-- Action item --
Leave the pictures out. Return all other data exactly.

-- Supplied information --
[Start of section]

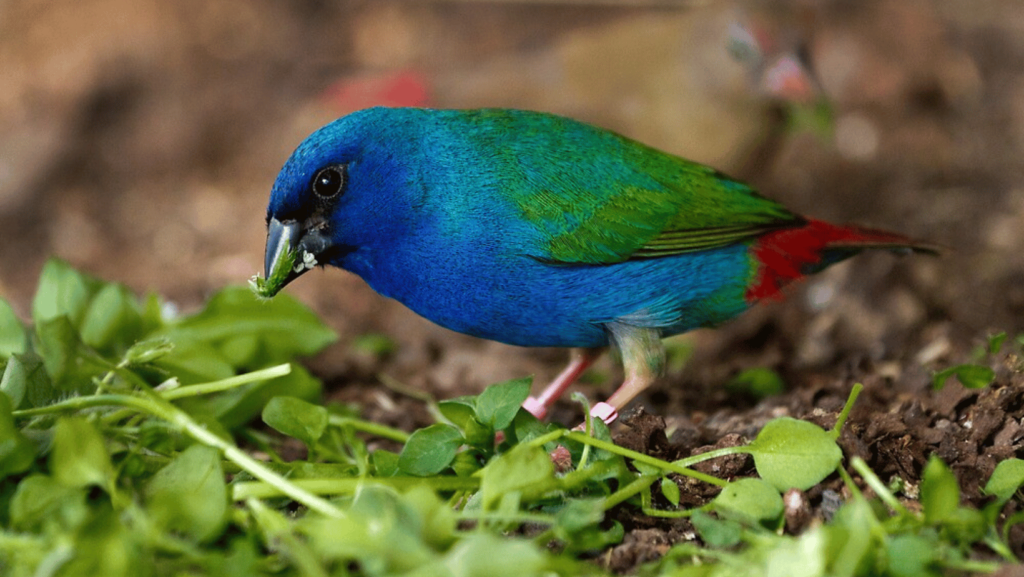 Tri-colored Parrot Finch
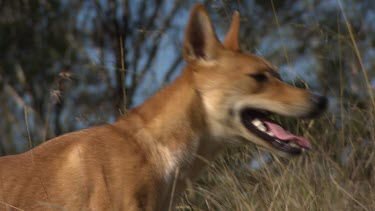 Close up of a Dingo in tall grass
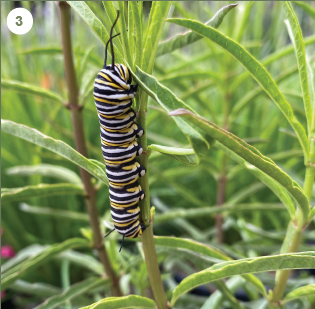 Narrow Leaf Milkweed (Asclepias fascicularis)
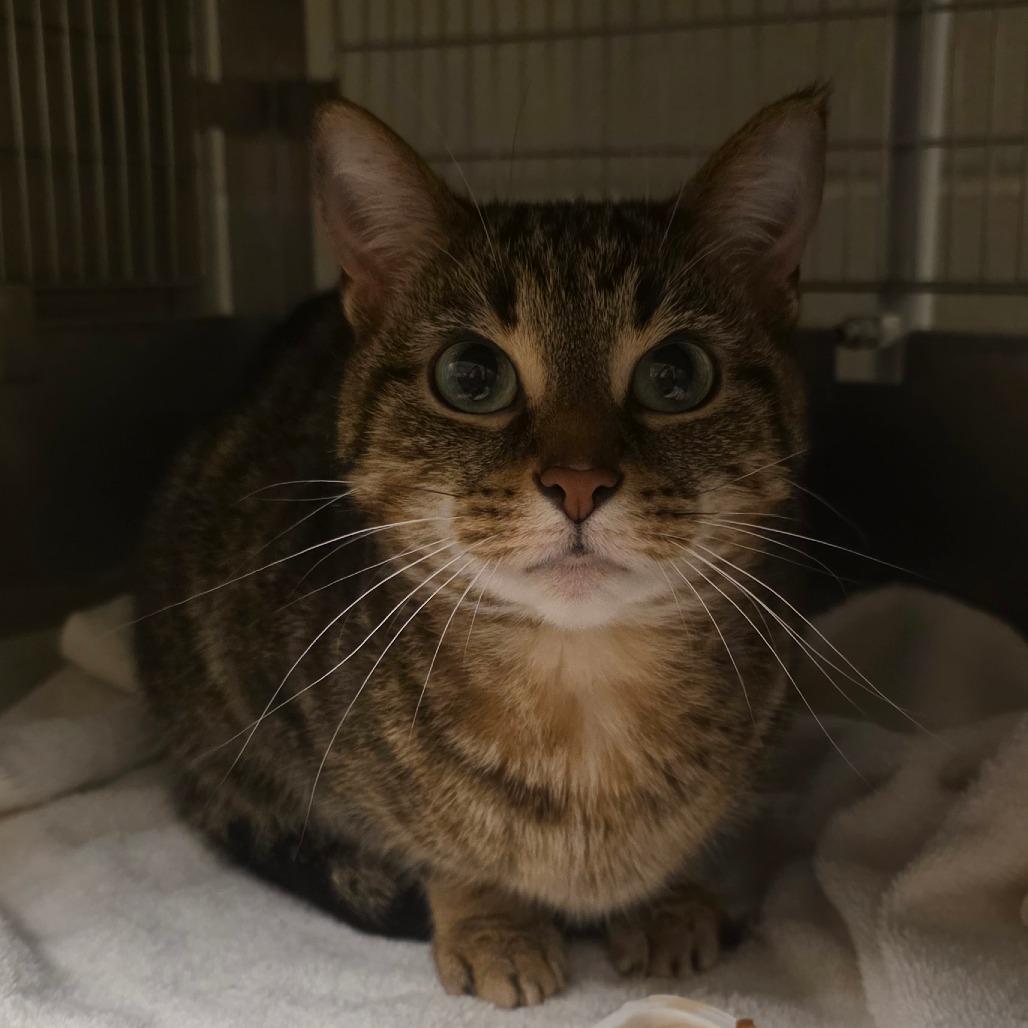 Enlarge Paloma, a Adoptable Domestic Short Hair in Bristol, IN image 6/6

[End of section]

-- Solution --
 Tri-colored Parrot Finch
 Close up of a Dingo in tall grass
 Narrow Leaf Milkweed (Asclepias fascicularis)
 Enlarge Paloma, a Adoptable Domestic Short Hair in Bristol, IN image 6/6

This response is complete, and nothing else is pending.